• [Exercise]:
Below is some data. Retype exactly the lines starting at the one with "INCONTINENCE 7: Chapter" and ending at the one with "Beautiful courtyard with".

• [Data for analysis]:
□ □ □ □ □

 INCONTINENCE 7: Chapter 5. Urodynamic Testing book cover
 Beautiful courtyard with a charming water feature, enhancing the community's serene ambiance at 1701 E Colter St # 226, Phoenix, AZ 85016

□ □ □ □ □

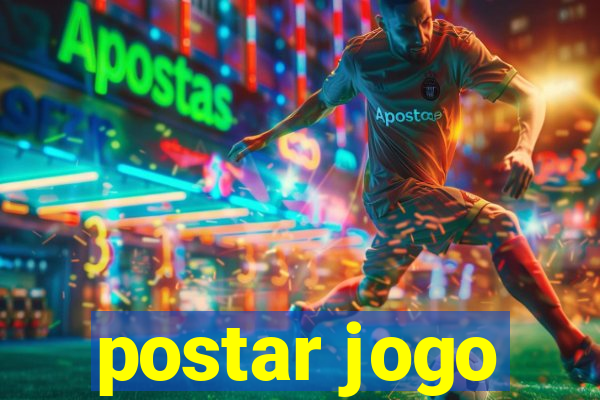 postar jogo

□ □ □ □ □

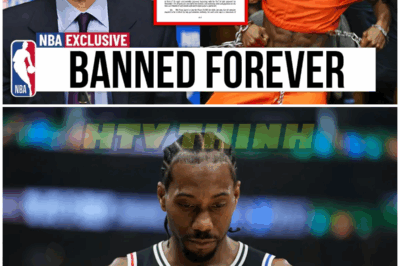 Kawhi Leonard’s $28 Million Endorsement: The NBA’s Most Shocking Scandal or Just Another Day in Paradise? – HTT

□ □ □ □ □

• [Response to this exercise]:
 INCONTINENCE 7: Chapter 5. Urodynamic Testing book cover
 Beautiful courtyard with a charming water feature, enhancing the community's serene ambiance at 1701 E Colter St # 226, Phoenix, AZ 85016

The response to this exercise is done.